◆ **Your assignment**:
Begin with the line that holds "Set Of Bakery Posters vector" and repeat each line after it exactly, ending with the last line of the listing.

◆ **Dataset records**:
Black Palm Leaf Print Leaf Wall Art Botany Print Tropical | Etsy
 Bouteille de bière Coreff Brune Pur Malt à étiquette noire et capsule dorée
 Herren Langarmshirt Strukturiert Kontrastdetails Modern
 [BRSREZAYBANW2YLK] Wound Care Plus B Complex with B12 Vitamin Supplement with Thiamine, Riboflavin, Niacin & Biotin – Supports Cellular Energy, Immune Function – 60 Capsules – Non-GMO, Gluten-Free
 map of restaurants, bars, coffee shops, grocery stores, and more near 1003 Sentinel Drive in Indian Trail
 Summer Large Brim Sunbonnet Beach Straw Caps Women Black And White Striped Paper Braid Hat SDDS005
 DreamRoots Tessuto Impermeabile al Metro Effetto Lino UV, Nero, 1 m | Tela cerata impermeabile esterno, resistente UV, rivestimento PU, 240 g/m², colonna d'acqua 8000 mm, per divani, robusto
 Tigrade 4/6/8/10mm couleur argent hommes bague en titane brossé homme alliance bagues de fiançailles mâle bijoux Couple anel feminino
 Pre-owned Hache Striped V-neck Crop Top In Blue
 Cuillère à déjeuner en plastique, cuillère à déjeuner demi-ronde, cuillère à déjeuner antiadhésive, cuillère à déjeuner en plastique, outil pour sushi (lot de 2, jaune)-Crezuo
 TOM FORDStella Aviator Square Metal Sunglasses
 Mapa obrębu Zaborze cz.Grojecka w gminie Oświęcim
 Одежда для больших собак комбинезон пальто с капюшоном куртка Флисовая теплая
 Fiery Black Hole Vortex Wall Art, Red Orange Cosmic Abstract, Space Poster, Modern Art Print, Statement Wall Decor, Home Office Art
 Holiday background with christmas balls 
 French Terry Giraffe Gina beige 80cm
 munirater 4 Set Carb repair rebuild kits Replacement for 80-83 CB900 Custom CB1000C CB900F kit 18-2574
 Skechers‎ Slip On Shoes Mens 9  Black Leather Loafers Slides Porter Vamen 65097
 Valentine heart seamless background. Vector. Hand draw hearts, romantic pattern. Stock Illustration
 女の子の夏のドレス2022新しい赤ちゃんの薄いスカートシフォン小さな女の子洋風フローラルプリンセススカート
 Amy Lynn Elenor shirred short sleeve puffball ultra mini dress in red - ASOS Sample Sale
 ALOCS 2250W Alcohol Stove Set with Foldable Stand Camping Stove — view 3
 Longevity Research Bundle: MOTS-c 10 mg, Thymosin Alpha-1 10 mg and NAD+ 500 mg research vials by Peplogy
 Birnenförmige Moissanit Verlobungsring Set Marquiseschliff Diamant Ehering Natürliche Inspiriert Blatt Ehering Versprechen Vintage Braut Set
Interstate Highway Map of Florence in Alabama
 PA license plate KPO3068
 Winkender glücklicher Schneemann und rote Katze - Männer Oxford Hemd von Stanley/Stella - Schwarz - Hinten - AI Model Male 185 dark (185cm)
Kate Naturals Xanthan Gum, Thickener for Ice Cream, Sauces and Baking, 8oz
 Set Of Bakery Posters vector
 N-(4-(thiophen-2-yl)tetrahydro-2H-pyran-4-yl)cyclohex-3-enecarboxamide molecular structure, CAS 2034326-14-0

◆ **Solved problem**:
 Set Of Bakery Posters vector
 N-(4-(thiophen-2-yl)tetrahydro-2H-pyran-4-yl)cyclohex-3-enecarboxamide molecular structure, CAS 2034326-14-0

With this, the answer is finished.